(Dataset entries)
● ● ● ● ●

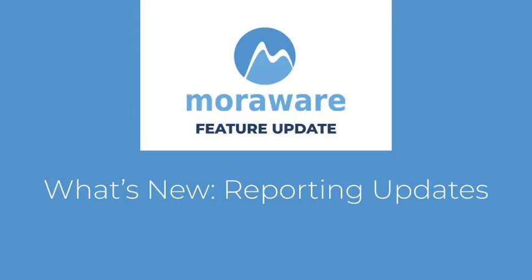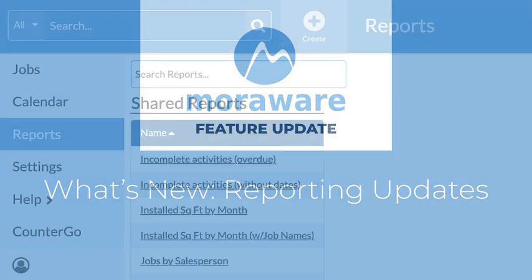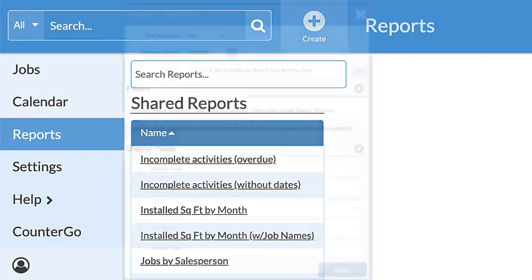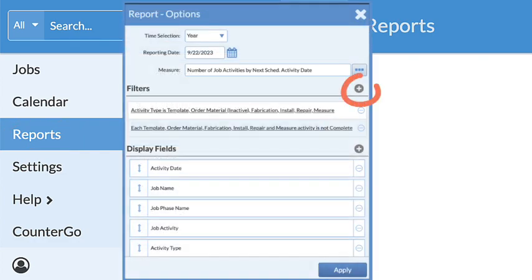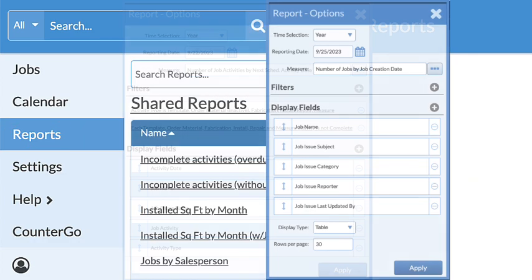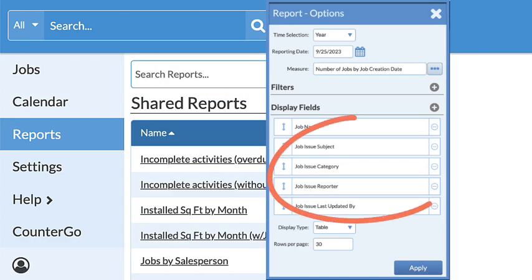Hi. Wondering what's new? Systemized Reports have some updates. Reports can now be filtered by assignees, and job issues can be added as display fields.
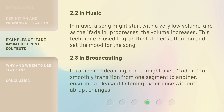In radio or podcasting, a host might use a Fade In to smoothly transition from one segment to another, ensuring a pleasant listening experience without abrupt changes.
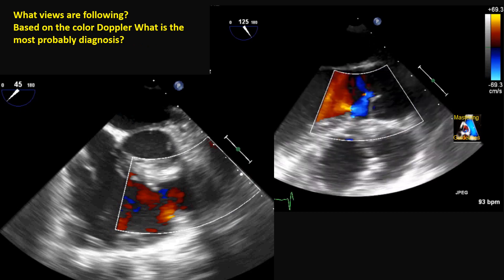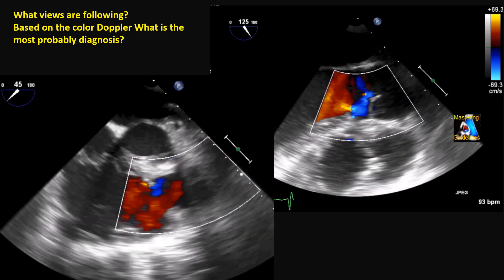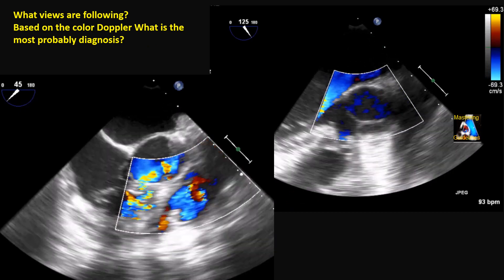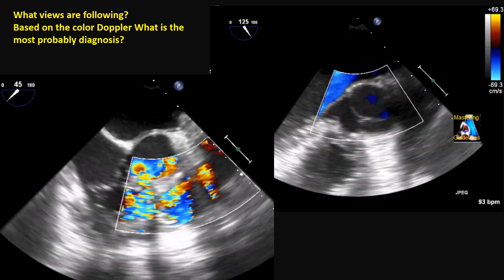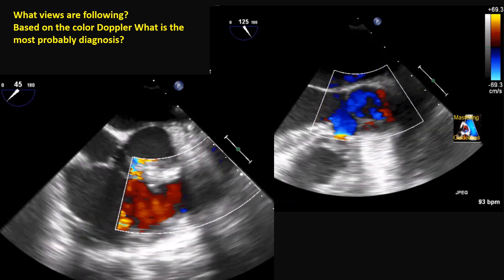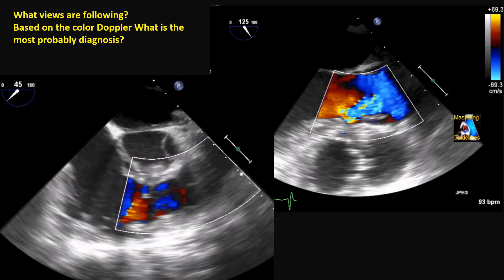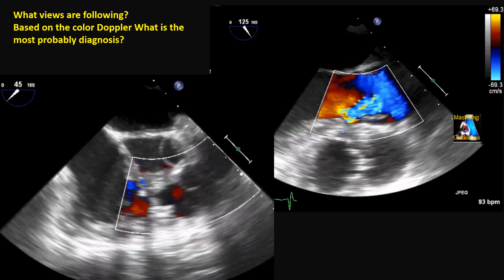Here we have two views. Name them. Do you see any abnormal color Doppler? If yes, what is the most probable diagnosis?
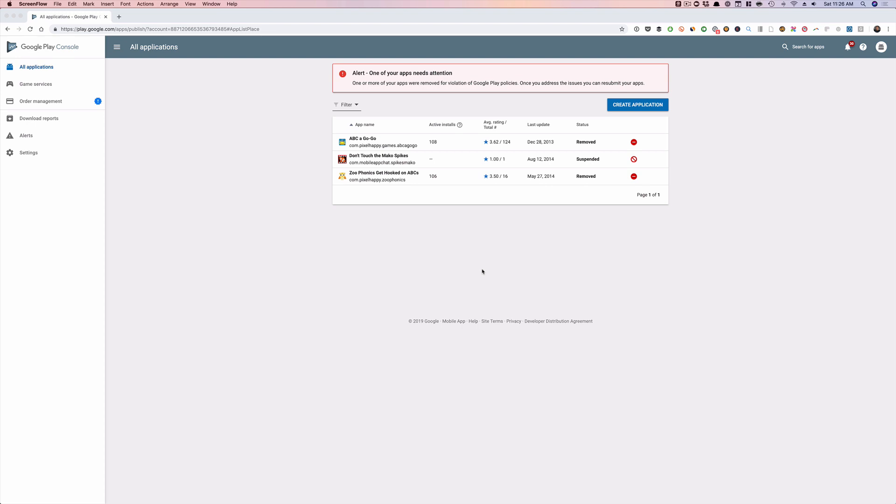First, what you want to do is pick the app that you want to focus on. So this is one of my first apps and one of the first apps I ever published on Google Play back in 2013 for crying out loud. And so I'm going to click on this. So pick the app that you want to analyze.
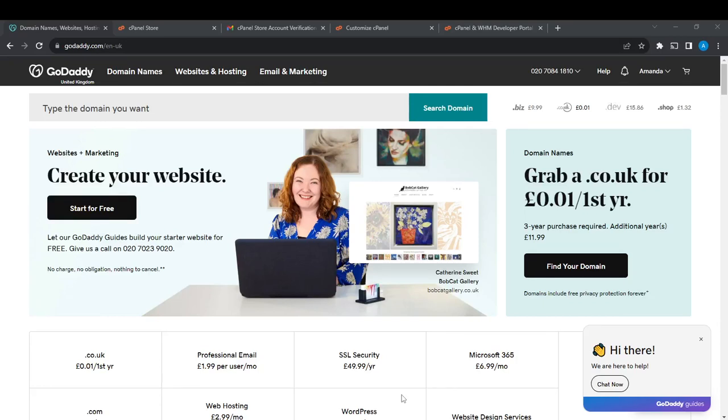Hello, in this tutorial I'll show you how to find the EPP authorization code of a GoDaddy domain.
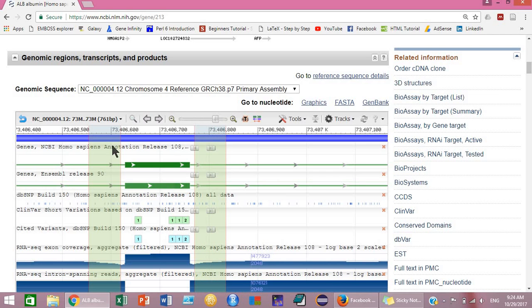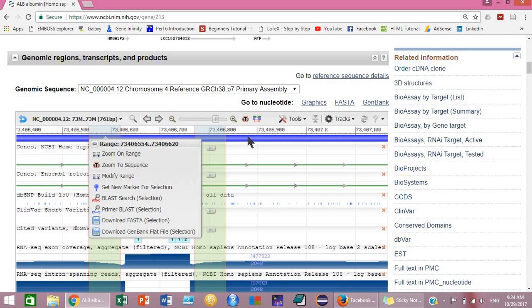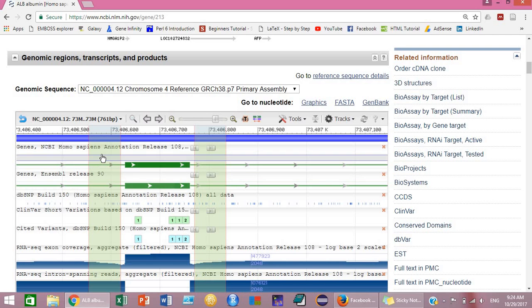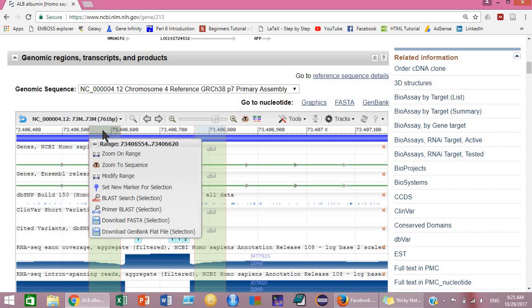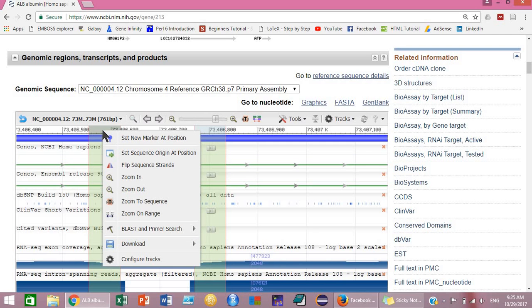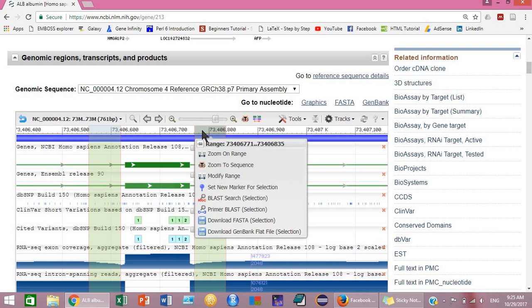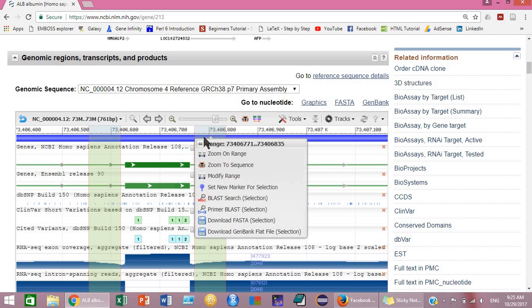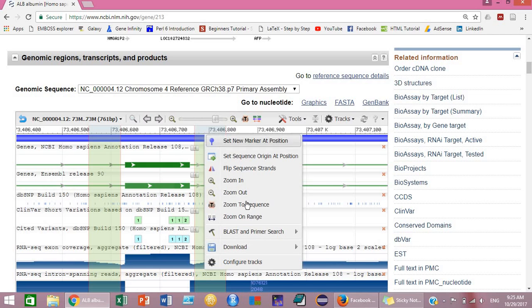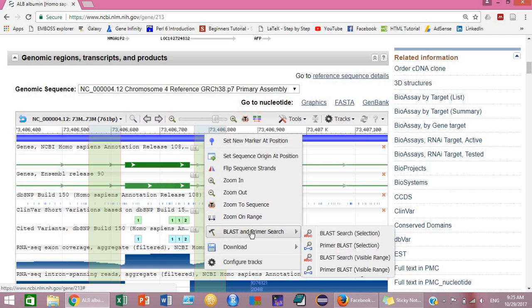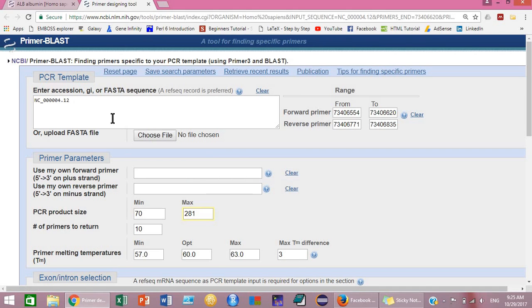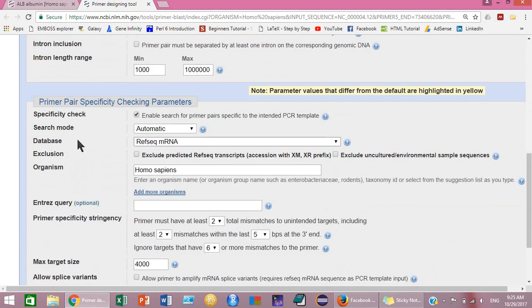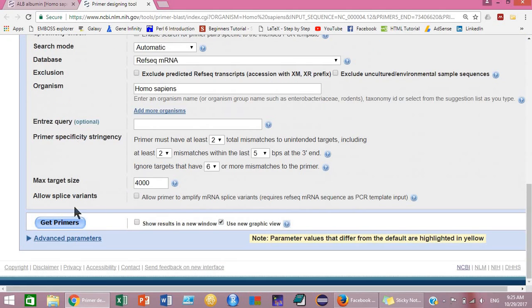Then click on the right mouse button on any one of these areas. You can click here or you can also click on this selected region. So when you click on this selected region, go to BLAST and Primer Search and then Primer BLAST selection.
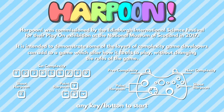Hello. Harpoon is a game that I was commissioned to make by the Edinburgh International Science Festival, and I figured that since it's kind of educational — or at least it was designed to demonstrate some principles of game development — it would make sense for me to walk through it and explain some of the things it's trying to demonstrate.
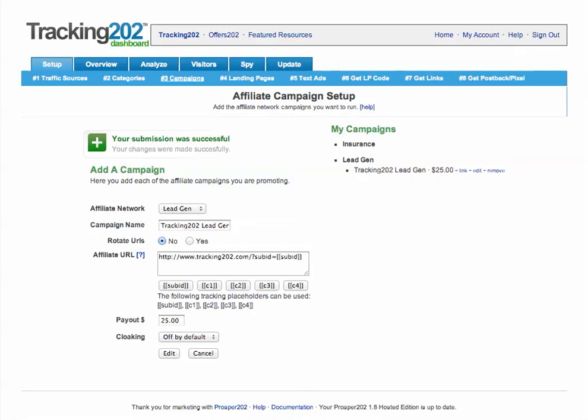That's it for the campaign setup portion. If you need more information on how to format affiliate links and how these tokens work, make sure to watch our video on that topic.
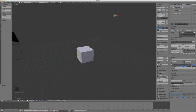One important thing in Blender: it matters which window your mouse is in. If you start entering a command to select something and your mouse is not in the 3D view, Blender won't select something in the 3D view — it'll do something else depending on where your mouse is. So that's worth noting.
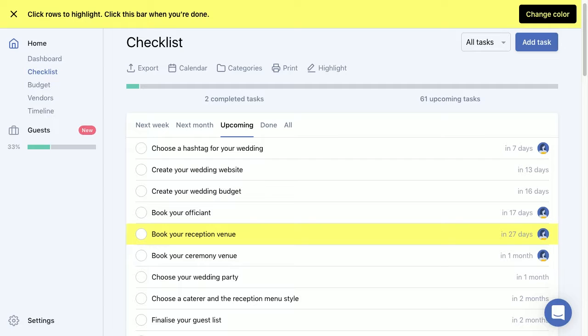So if you were working with a wedding planner or your partner or anyone else who's helping you plan your wedding, they'll see that you've highlighted that because obviously that is a priority to you and you want to draw attention to that.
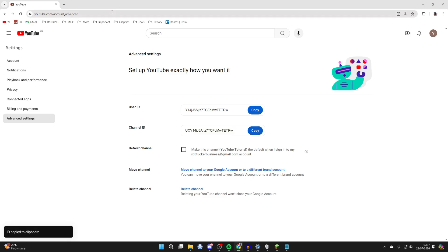You can then paste it where you need it. If you found this useful and you want to see more, then please consider subscribing and liking the video.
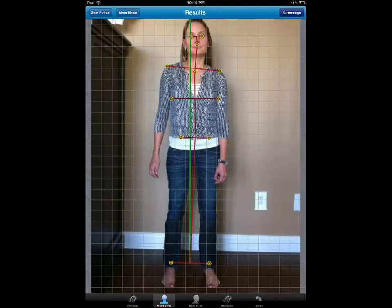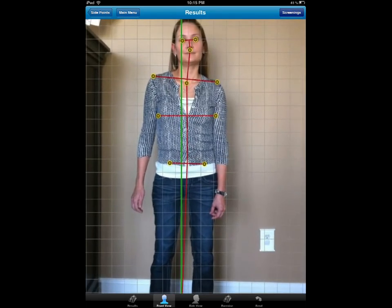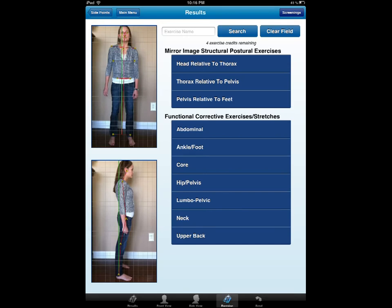Now we can go ahead and show the patient their posture — imagine this through wireless streaming to an Apple TV. But here's what's new and exciting: we have partnered with WebExercise to bring you over 150 exercises now available at your fingertips. At the very top, we have the mirror image structural postural exercises through Chiropractic Biophysics, as well as the functional exercises.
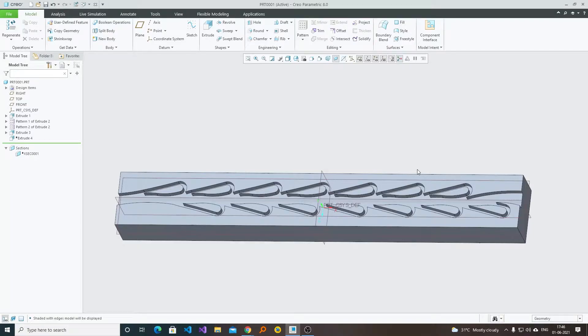Hi everyone, my name is Preetam Negi and in this video of PTC CREO we will be talking about the Tesla valve and how we can validate its working with the help of CREO CFD.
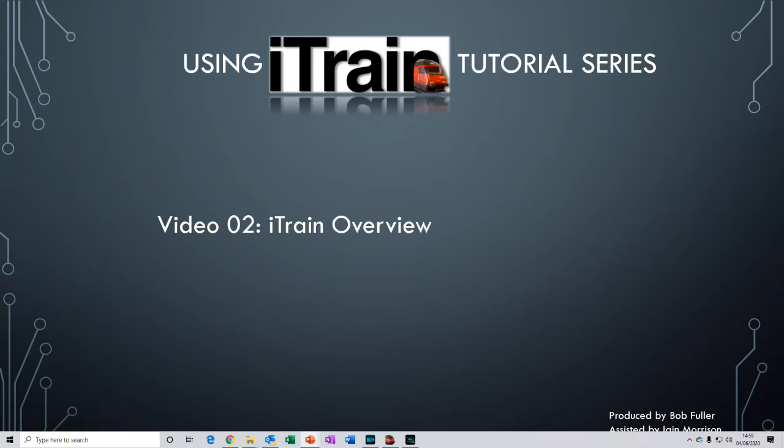Welcome to using iTrain video number two. My name is Bob. In the previous video we went through the installation of the software and we opened the demo layout.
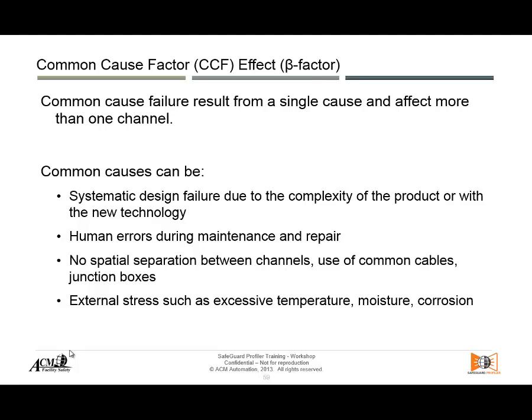Another cause common to both channels or both pieces of equipment is when there is no separation between them. If you put both in the same place, both are going to be affected by the same stresses — temperature, pressure — depending on the type of environment. You should try to have them in slightly different environmental conditions by separating the two pieces of equipment. Another common cause would be external stresses such as temperature, moisture, and corrosion — the environment and climate.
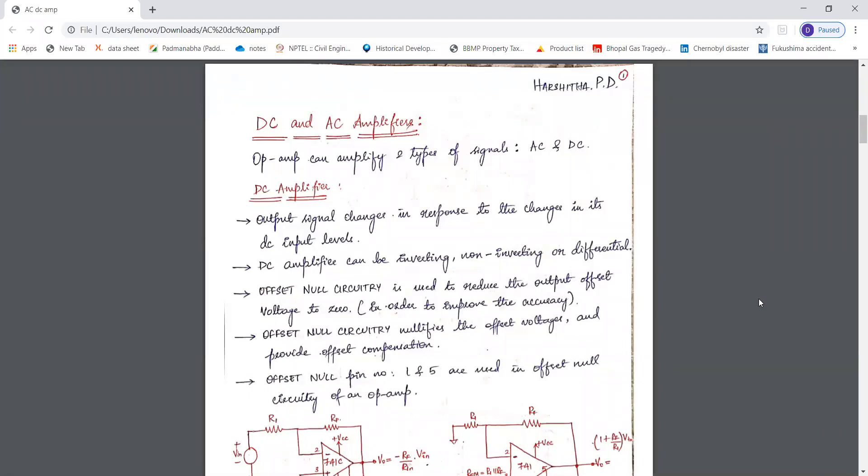Hi everyone. In the previous session we studied about the summing, averaging, and scaling amplifiers. So now in this session we'll study about the DC and AC amplifiers. First we'll consider the DC amplifier.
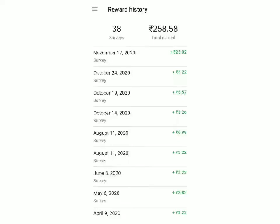Welcome back to Tech is Easy. In today's video, I'm going to show you what exactly Google Opinion Rewards is and how you can earn money from it.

● ● ● ● ●

◆ Exercise prompt ◆
Instructions for the copy: start at the first entry, stop after the line containing "Here we have", keep every line exact, and drop the pictures.

◆ Final answer ◆
Hi. Wondering what's new? Systemized Reports have some updates. Reports can now be filtered by assignees, and job issues can be added as display fields.
In radio or podcasting, a host might use a Fade In to smoothly transition from one segment to another, ensuring a pleasant listening experience without abrupt changes.
Here we have two views. Name them. Do you see any abnormal color Doppler? If yes, what is the most probable diagnosis?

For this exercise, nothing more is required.